Gov. Andrew Cuomo on Tuesday blasted the IRS for coming out new rules that undercut the state’s efforts to mitigate the impact of the federal tax law that capped at $10,000 the amount of state and local taxes that people can deduct on their federal return.
The changes in the 2017 tax law to the state and local tax deductions, referred to as SALT, has been a sore subject for Cuomo. The governor has alleged that the federal government was targeting high-tax, mostly Democrat leaning states with this tax plan change.
New York has sued the federal government over the change. Cuomo also has considered making a workaround to allow people to create charitable funds to pay their taxes, which can then receive a tax credit. However, the IRS issued new rules on Tuesday that prohibit those types of arrangements.

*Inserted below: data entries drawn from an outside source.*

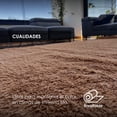 thumbnail image 4 of Tapete Shag Ilios Innova 1.80x1.20 M camel TS1.80x1.20-camel, 4 of 8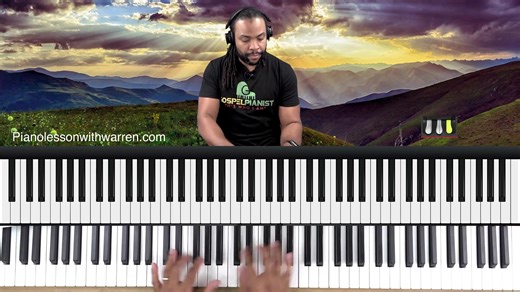 Traditional Gospel Piano: Essential Rhythm Patterns EVERY Pianist MUST Know In this lesson, I break down essential traditional gospel piano rhythms, focusing on A♭ dominant 7, tritone voicings, chromatic movement, rootless voicings, and 3-6-2-5-1 turnarounds. You’ll learn how to use minor chords, blues scale tones, diminished chords, and percussive inflections to master authentic gospel patterns that can be transposed to any key. 🎹 Click here to download the FREE backing tracks: https://pianole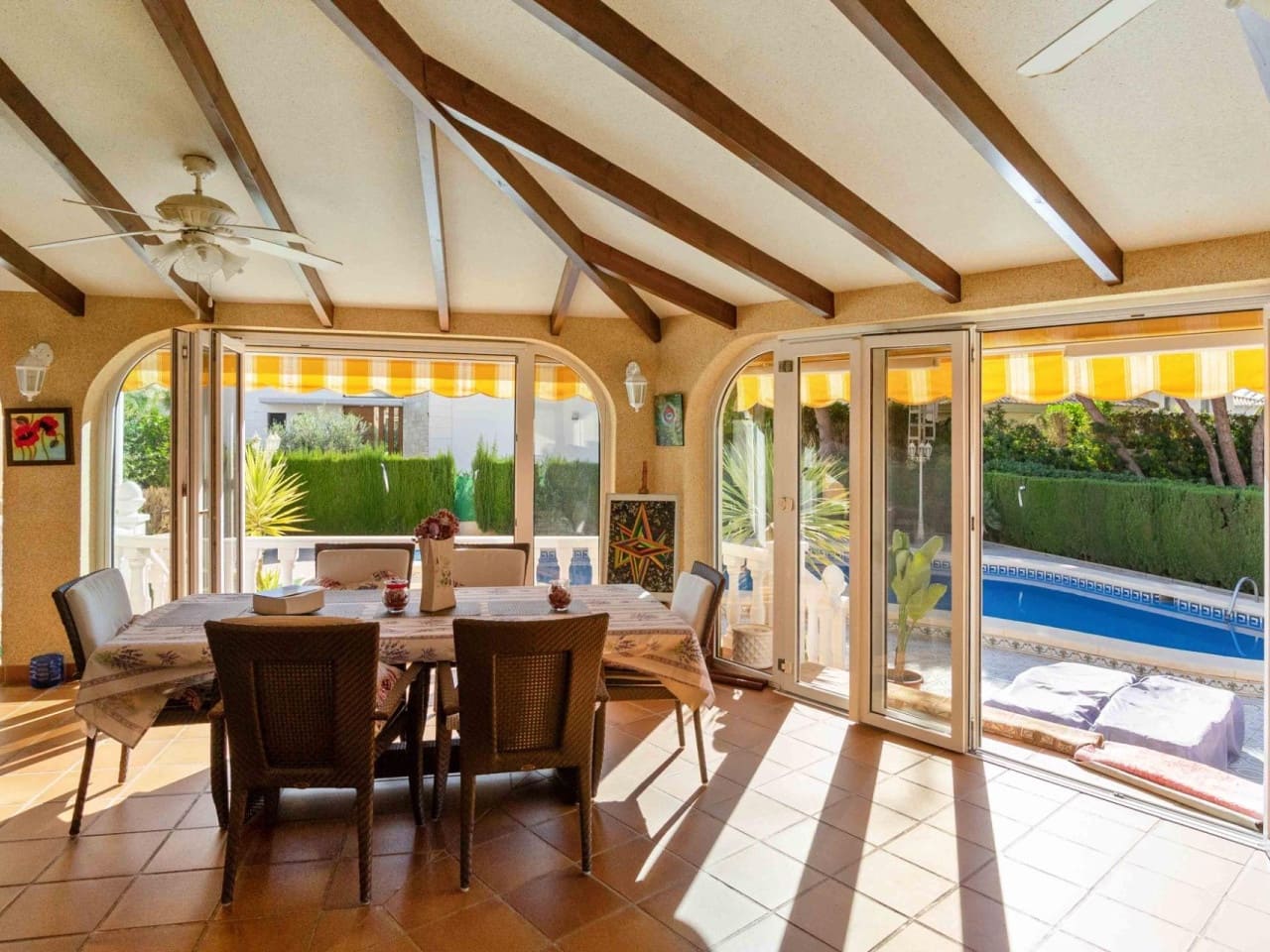 3 chambre Villa/Maison à vendre à Cabo Roig avec piscine - 1 750 000 € (Ref: 9233221)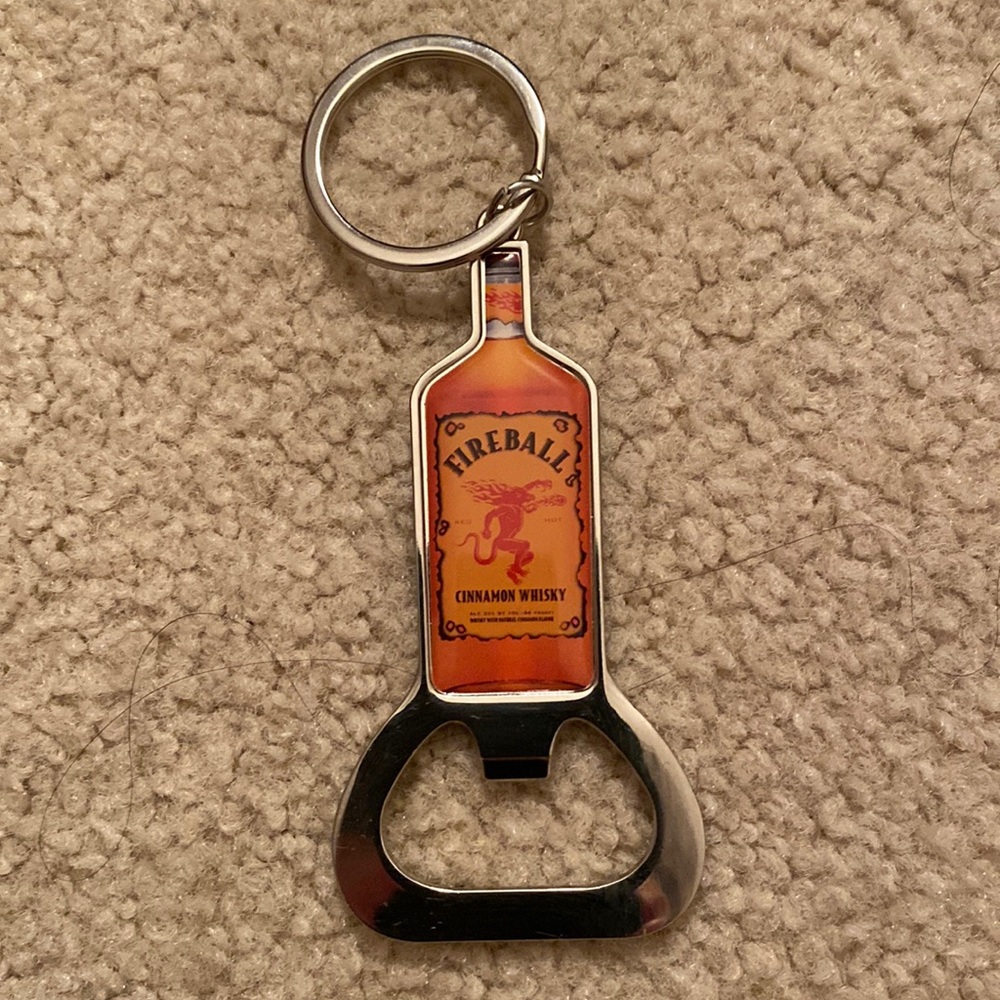 FireBall Keychain - Picture 5 of 5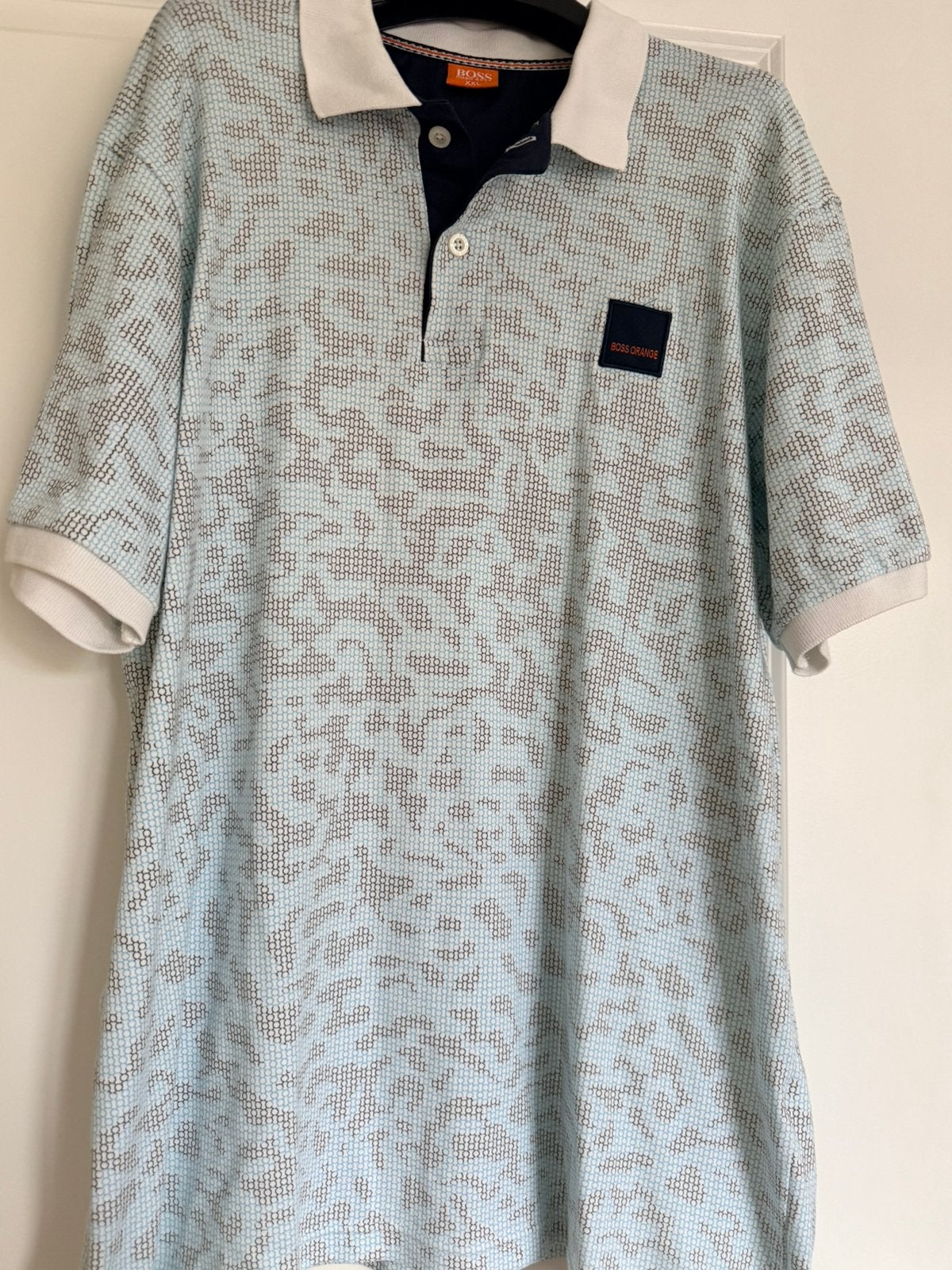 Boss polo, Ophalen of Verzenden, Zo goed als nieuw, Overige maten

“The IRS should not be used as a political weapon,” he said in a news release. “The regulations promulgated today lack any basis in the law, upend decades of precedent without authorization from Congress, and target programs established by New York and other states to incentivize charitable contributions,” he said in a news release.
Cuomo also pointed out that New York sends $36 billion more to Washington, D.C. than it receives back.
When the SALT cap went into effect, Cuomo claimed that there was going to there was going to be as much as a 25-percent tax hike on residents and cause higher income residents to leave the state.
However, the Empire Center issued a report saying that most New Yorkers paid a lower federal tax bill because of the rate cut and the increase in the child care credit. Most of the impact was to the top 1% of income earners, who generate 40% of the state’s tax revenue.
Cuomo continues to blame the federal government for the fact that New York has high taxes, which is under state lawmakers’ control.
I also have an issue with him saying that the IRS should not be used as a political weapon. During the Obama administration, conservative groups claimed that their organizations were targeted for unfair scrutiny by the IRS.